Fragile calm in the West Bank could end if relevant parties do not get beyond managing conflict triggers to address root issues, an international report warned Wednesday.

The report by the Brussels-based International Crisis Group examines political, economic and security conditions in the West Bank, as the United States is trying to restart peace talks between the Palestinians and Israel after years of stalemate.

The 30-page report, "Buying Time? Money, Guns and Politics in the West Bank," says that many conditions for an uprising are in place, such as political discontent, the leadership's loss of legitimacy, hopelessness, economic fragility, increased violence and an overwhelming sense that security cooperation serves Israeli rather than Palestinian interest.

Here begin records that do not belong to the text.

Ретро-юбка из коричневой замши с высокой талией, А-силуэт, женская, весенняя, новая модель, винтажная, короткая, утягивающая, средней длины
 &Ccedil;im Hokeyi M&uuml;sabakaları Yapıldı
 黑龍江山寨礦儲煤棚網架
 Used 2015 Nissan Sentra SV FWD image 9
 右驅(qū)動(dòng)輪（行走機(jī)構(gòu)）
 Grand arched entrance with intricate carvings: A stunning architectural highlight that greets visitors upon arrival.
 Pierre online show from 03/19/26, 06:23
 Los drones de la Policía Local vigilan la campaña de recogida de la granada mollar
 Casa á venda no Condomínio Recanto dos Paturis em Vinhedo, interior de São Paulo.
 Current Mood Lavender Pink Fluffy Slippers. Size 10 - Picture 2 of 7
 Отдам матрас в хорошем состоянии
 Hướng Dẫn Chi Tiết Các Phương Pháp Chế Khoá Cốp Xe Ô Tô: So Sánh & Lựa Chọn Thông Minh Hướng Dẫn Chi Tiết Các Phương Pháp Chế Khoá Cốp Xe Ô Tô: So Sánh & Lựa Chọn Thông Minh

The report admits that there are several factors arguing against an imminent escalation in the occupied West Bank. For example, the split between Fatah and Hamas renders popular mobilization dangerous to either regime; the Palestinians remain tired from the consequences of the second intifada; and foreign assistance has helped reshape the West Bank's political economy while giving most of its residents an interest in preserving the system.

To help stabilize the West Bank, the report urged Israel to regularize tax revenue transfers to the Palestinian National Authority (PNA), rein in settler attacks against Palestinians and curtail incursions by its security forces into ostensibly Palestinian-controlled areas.

"There is an understandable temptation to renew negotiations as a way to address -- or at least distract attention from -- the deep causes of rising West Bank instability," said Nathan Thrall of the ICG's Middle East division. "But a breakdown in talks would risk accelerating the very dynamics that the negotiations are meant to forestall."